Rolling Dice with R
One of the foundational ways of exploring probability is calculating possible outcomes from rolling a dice. Normally it's a typical, six-sided die. We could roll a real die over and over, recording the outcome and use that explore probability. Of course, this is limited to the time and energy available. With R we can simulate rolling dice again and again as much as we want. We can simulate rolling six-sided, ten-sided, even fifty-sided dice.
To make it happen we'll use the sample() function. It takes a vector as input, which we already know how to create, and gives a sampled output of a specified size. We can sample with and without replacement. In the case of dice, it's not like drawing names from a hat - rolling a one doesn't remove it from the dice. Let's roll a six-sided dice once, using values one through six in a vector:
> sample(1:6, 1)
[1] 5
Looks like we rolled a five! Now let's roll the dice twice, using the replace = true option. Remember, rolling a dice doesnt' eliminate possible outcomes, which is why we need to specify that option. Here's us rolling the dice twice a few times in a row:
> sample(1:6, 2, replace = TRUE)
[1] 5 5
> sample(1:6, 2, replace = TRUE)
[1] 5 3
> sample(1:6, 2, replace = TRUE)
[1] 6 3
Without the replace = TRUE option we'd never been able to roll two fives. Let's roll the dice twenty times:
> sample(1:6, 20, replace = TRUE)
[1] 4 6 5 5 2 2 5 2 3 5 2 2 1 6 1 5 5 3 4 5
Now let's roll a thousand times and save the output vector to a variable that we can do something with:
> rolls <- sample(1:6, 1000, replace = TRUE)
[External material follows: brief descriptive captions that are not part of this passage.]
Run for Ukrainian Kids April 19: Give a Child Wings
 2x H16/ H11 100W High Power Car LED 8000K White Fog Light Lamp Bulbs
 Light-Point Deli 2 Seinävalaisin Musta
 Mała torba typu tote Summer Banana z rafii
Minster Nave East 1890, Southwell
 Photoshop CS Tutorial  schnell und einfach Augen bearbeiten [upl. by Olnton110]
The quickest way to see how many times we rolled each number is to use the table() function. Let's apply table() to the new rolls variable:
> table(rolls)
rolls
1 2 3 4 5 6
157 163 175 155 175 175
To see an overall percentage of rolls each number has, we can just divide table(rolls) by the total number of rolls (1000):
> table(rolls) / 1000
rolls
1 2 3 4 5 6
0.157 0.163 0.175 0.155 0.175 0.175
We rolled threes, fives, and sixes each 17.5% of the time. We rolled fours the least, at just 15.5% of total rolls. Visualizing all our rolls with a histogram is pretty straightforward with the built-in hist() function:
hist(rolls)
Rolling a dice 1000 times and recording the outcome manually would be a very time-intensive and error-prone process. R makes it easy to create sample data and visualize the results.